In the silence that followed, a voice rang out: “
Se acabó! Ríndanse ya!
It's over! Surrender!”

Jacques took Eduardo by his shoulders and hauled him off Louise. All his strength came back to him as he cast Eduardo's body away from her. Jacques cradled her then, his hand stroking her stubbly hair. Melanie laid her head on her daughter's bloody chest and wept.

Maria's arms were raised as she'd been commanded. She clasped her head between her forearms; tears coursed down her cheeks. Below her lay Rafael's long, smooth back; his blood blackened the water around him.

Martin stared out to where Louise was held and where Eduardo floated close by. He felt a secret harden within him. Though his parents embraced him, he stared through the embrace to what he had learned and could not forget. (Much time would have to pass before, as if in the blink of a shutter he had missed, he would be able to see clearly before he'd turned away the look of imperishable relief and gratitude in his mother's eyes.)

Mason, in his crisp fatigues, stepped over Gabriel's body—the staring eyes, the arms outstretched, pleading.

“Jesus, what a fuck-up.

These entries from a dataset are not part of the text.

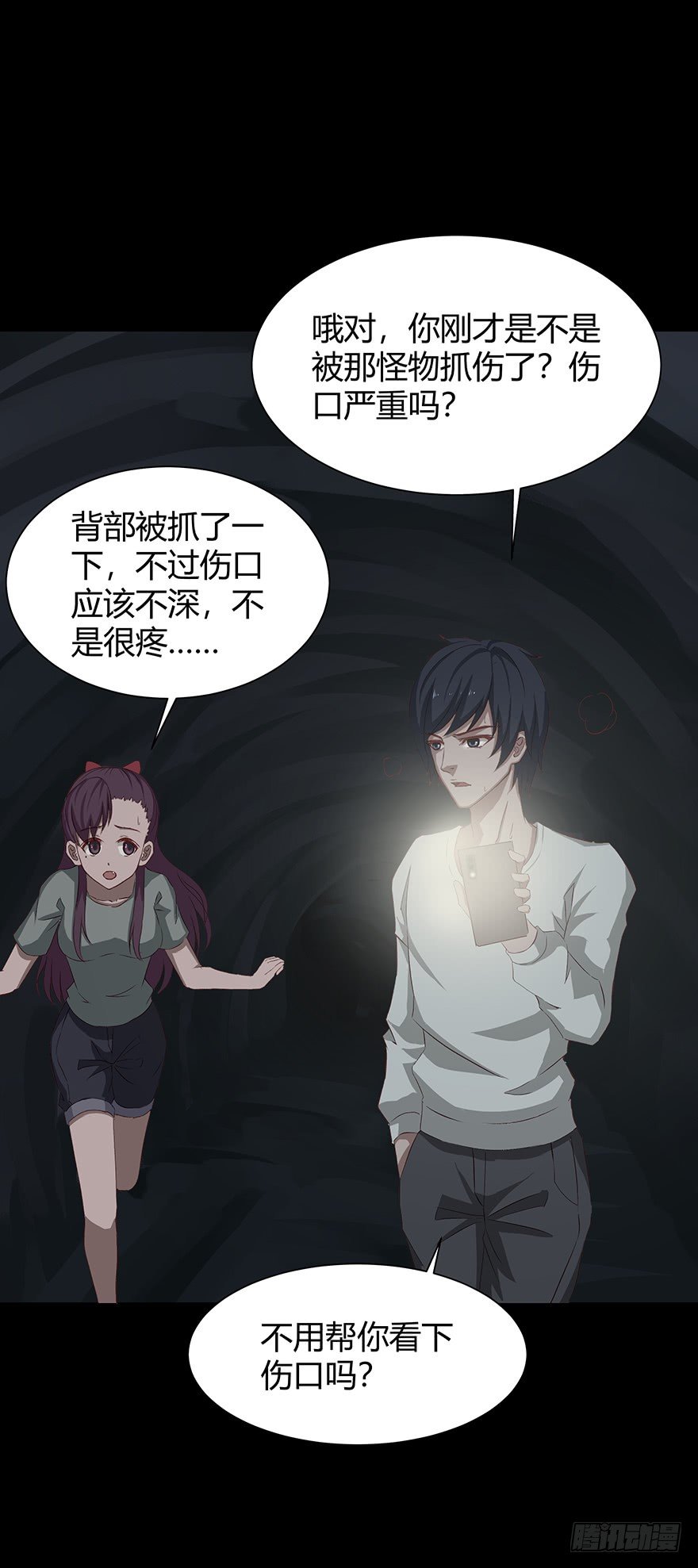 06误入33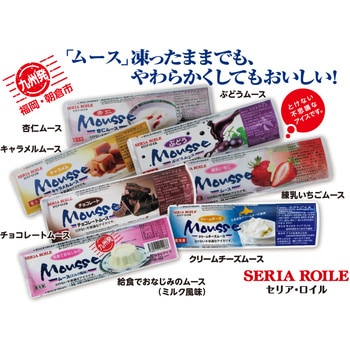 [冷凍]杏仁ムース セリア・ロイル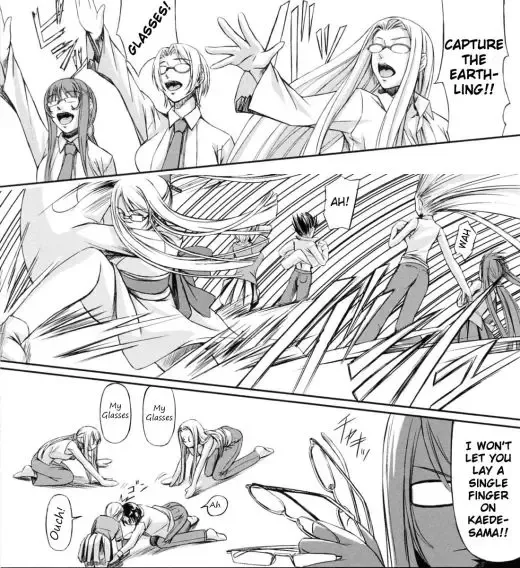 [Nakadera Akira] Double Helix of Her and the Older Sister (uncensored) Fhentai - Page 198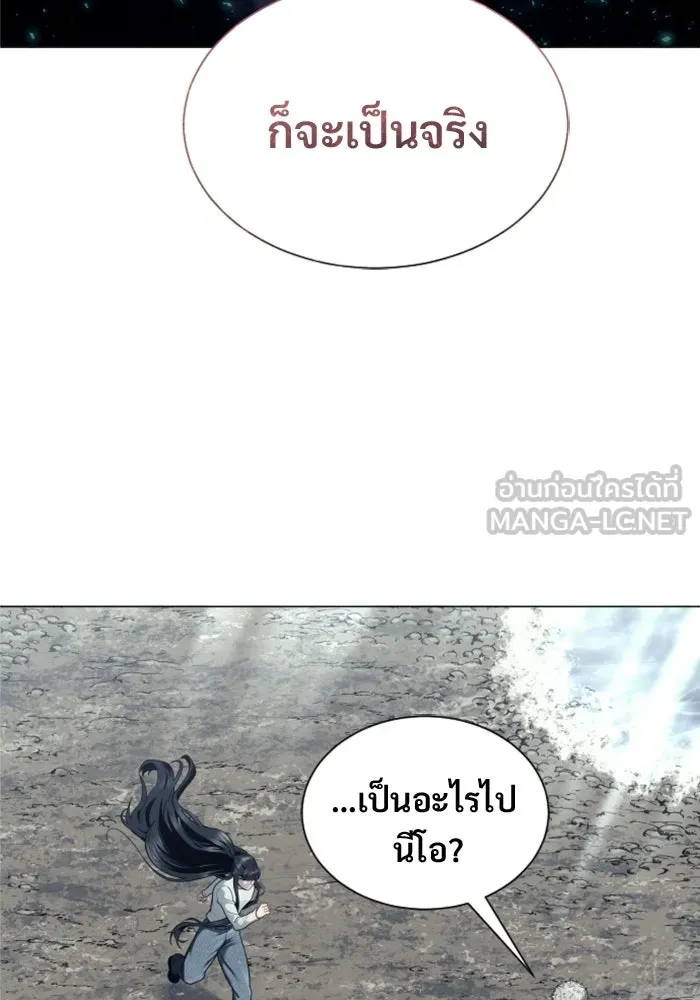 อูเร็ค มาซิโน่ ตอนที่ 35 การทดสอบสุดท้าย 1 รูปที่ 192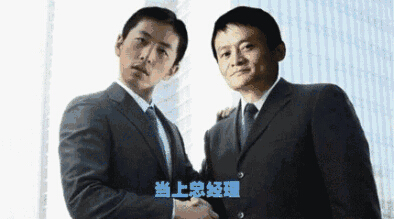 然后當上總經(jīng)理 然后當上總經(jīng)理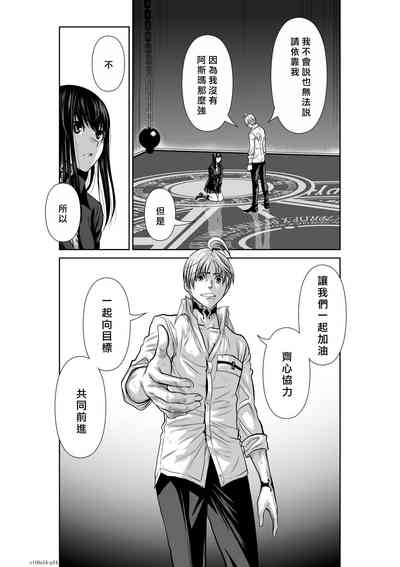 第116頁圖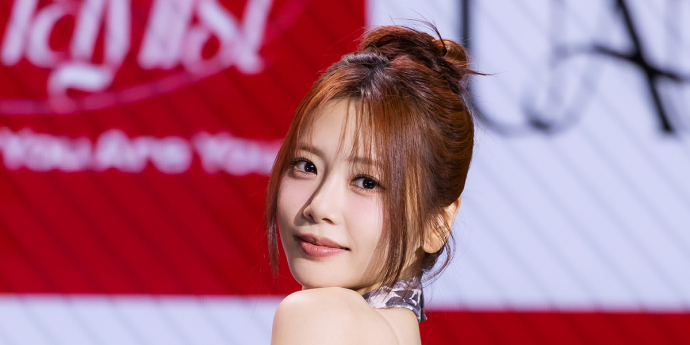 유아유 지유 '완전 끼쟁이지유' [포토]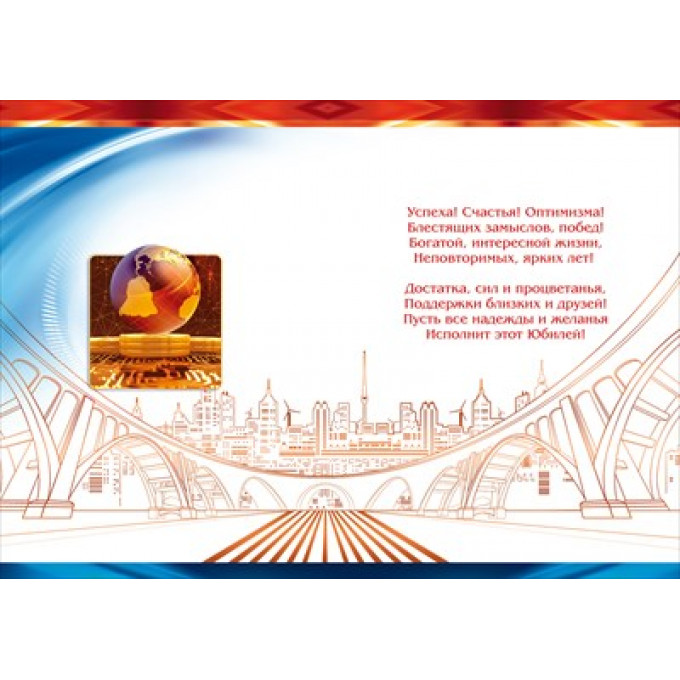 Открытка "С Юбилеем!"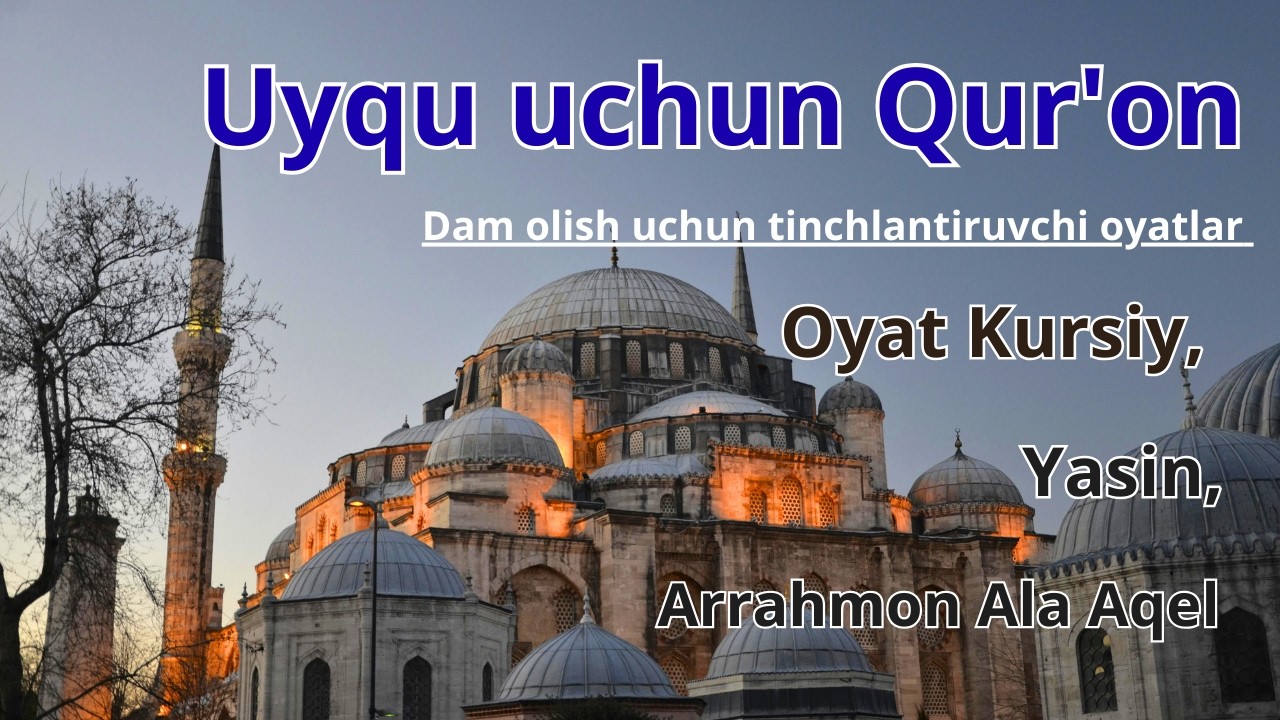 Uyqu uchun Qur'on | Dam olish uchun tinchlantiruvchi oyatlar | Oyat Kursiy, Yasin, Arrahmon Ala Aqel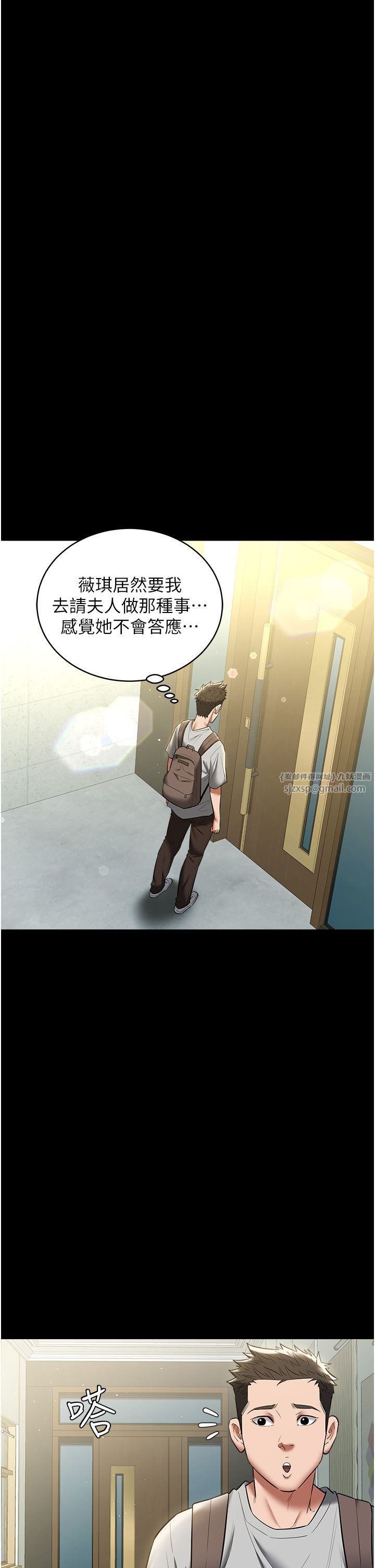 豪色復仇第33話-我跟姐姐誰比較好吃?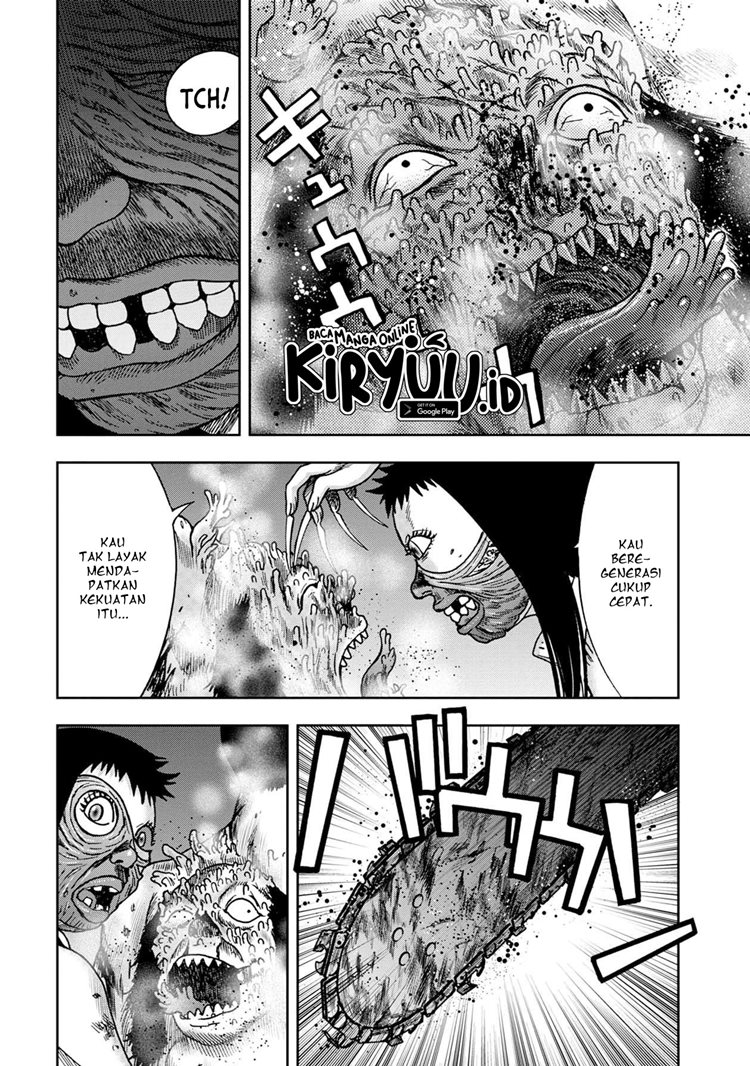 Read Kichikujima ID Manga Online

You guys don't piss about, do you? Who trained you? The fucking Mafia?”

The leader of the government forces smiled at the compliment. Now they had these new assault rifles, he knew they would have no need of these American “advisers.”

“Smile all you like,” said Mason, “but this isn't the kind of wrap-up we wanted.”

“They're enemies, yes, so why cry? You have all the hostages back, I think, alive. Apart from the girl. Pity, nice girl.”

*   *   *

Martin became aware of the distant sounds of car horns voicing their disgruntlement with the snow. He expected school would be canceled today. Perhaps none of them would have to leave the house. They'd all have breakfast together. Mum, Dad, Nick and he. He'd like that. Then he would sleep. Oh, how he would sleep. He thought back over his night's work. Of course, he too would have to invent dialogue—he had little idea, for example, what Louise and Eduardo had talked about while he lay in the hut, counting lines of stars through the palm fronds in a hopeless attempt to quell his desire. And much else of what he knew had come second hand. Nor could he swear to the island having sixty types of mango. But for the latter there was the library and for the former, well, invention was the greater part of the novelist's task. For it had dawned on him, sometime in the night, that writing a novel could be the best way to tell his story, while keeping his promise to Louise.

He would have to change the names, of course, but behind the names, he could do something to honor the living and the dead; to arrive at a kind of truth, where Louise could lie in Eduardo's arms again and Rafael know that his words were answered.

“They will be born and they will die again and be born again. They will never stop being born, because death is a lie.”

[POSTSCRIPT]

The woman in the yellow jumpsuit stood in the center of the small exercise yard, turned her face to the sun, and rolled her head five times one way, five times another.

The jumpsuit made her seem larger than she was, for inside its bulk she was slim and sinewy and, for all her privations, still powerful. Though flecks of gray had spread through her black hair, when she brought her head level again, her eyes—fierce, brown—burned through the mesh of wires that surrounded her and fixed on the blue open sea. Out there, they could not catch her, could not hold her. Out there, there were a million whispers, not one of which could they isolate and catch a clear sense of.

Of course they'd tried.

On and off for a year now she'd been held in freezing cages, airless cells, at times manacled and blindfolded, been bombarded by deafening music, denied sleep, threatened with snarling dogs. “Oh yes,
señora,
” Mason had said, “I think we'll find somewhere better than El Castillo for you—you and all your kind.” She'd lost count of the number of times she'd been interrogated by government officials or Americans with bad Spanish about her links with political subversives or terrorists. She had endured it all and been brought again, once each episode was over, into this small yard, alone, to gaze on the perfect sea.